Photo courtesy of Thirdworlds
In lieu of the upcoming release of their final album, The Powers That B, experimental hip hop trio Death Grips has released a new album of electronic music titled Fashion Week. The album is a collection of instrumentals the band has described as a “soundtrack,” though to what no one is really sure. The simplest, most obvious, explanation is a soundtrack to the various Fashion Week events popping up in a few major cities around the globe in mid-February. Unsurprisingly, Death Grips has no connection to any of these runway extravaganzas, with their abrasive music and persona often serving as an antithesis to the snobbery and “class” attached to the events. One can only conclude the homage is ironic, and after listening to Fashion Week it’s clear that Zach Hill and the crew were going for the opposite of the plastic-y brand of dubstep usually played on the runway.
The album was released on Jan. 4 as a free download on the band’s website, thirdworlds.net, without any announcement or promotion prior to its release. However, this is pretty normal for Death Grips. From randomly canceling concerts to announcing their breakup in the middle of a tour with no warning, the group has garnered a reputation for tumultuous, sometimes self-destructive, impulsiveness. When told by Epic Records they could not release their album No Love Deep Web until 2013 even though they wanted to release it in 2012, they leaked it online anyway without the label’s knowledge. The leak violated their recording contract and led to Epic dropping the band entirely, a course of events that would usually put a swift end to most up-and-coming artists.
However, Death Grips aren’t most up-and-coming artists. By the time Epic caught wind of their betrayal, Death Grips already had such a large following from underground music fans and certain off-kilter websites (4chan, *cough cough*) that it really didn’t even matter. Death Grips found mass acclaim in the short span of one or two years because of online self-promotion, and a style totally, even aggressively, unique. Their success was not tied to a major label, so why should it be cut short by one?
Fashion Week itself is the group’s first album without rapper/vocalist/screaming dude MC Ride, leaving the songwriting to drummer Zach Hill and keyboardist Andy “Flatlander” Morin. While MC Ride’s vocals added a fierce edge to Hill and Morin’s hard-hitting experimental beats, his absence allows listeners to focus solely on the musical aspect of Death Grips, making their music more accessible. All the songs are still experimental but share some resemblance to popular electronic music, especially dubstep, and all last about 3-5 minutes. The arrangement of the track list itself is also interesting: the individual tracks are all titled “Runway” followed by a letter, eventually spelling out “JENNY DEATH WHEN,” a reference to the title of the second half of their final album, Jenny Death.
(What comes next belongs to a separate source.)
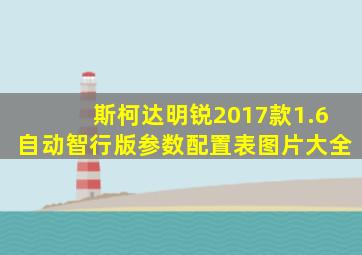 斯柯达明锐2017款1.6自动智行版参数配置表图片大全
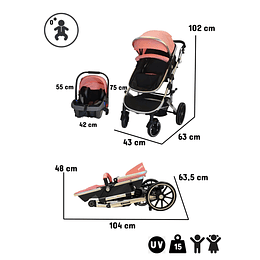 Coche Travel Lux 3 En 1 Kidscool Rosado - Retiro Express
The album starts off with “Runway J,” a chaotic tune featuring many of the common instrumental elements featured in the remainder of the album, including modulated keyboards and assorted sounds echoing off longer than the ear expects, resulting in a clubby industrial feel. Many of these songs, including “J,” are bangers, just not your average run-of-the-mill bangers you’d find in a dance club on State Street or a backyard in Isla Vista. The hardest-going song on the album has to be “Runway H.” It’s one of the simpler songs on the album, contrasting low-pitched modulated bass with a triumphant chorus dripping with bravado. “Runway W” immediately follows “H” and takes us on a musical journey featuring trappy-sounding chimes layered together with deeper sounding chimes, heavily reverberated chimes, ringing chimes, electric chimes, modulated chimes, and even spacey chimes. A really cool musical exploration.
I could go on and on about all the cool ideas each song brings to the table, but in the end reading about music is nowhere as interesting as listening to it. If you’re looking for an awesome, hard-going album that is unlike anything you have ever listened to, I’d highly recommend Fashion Week.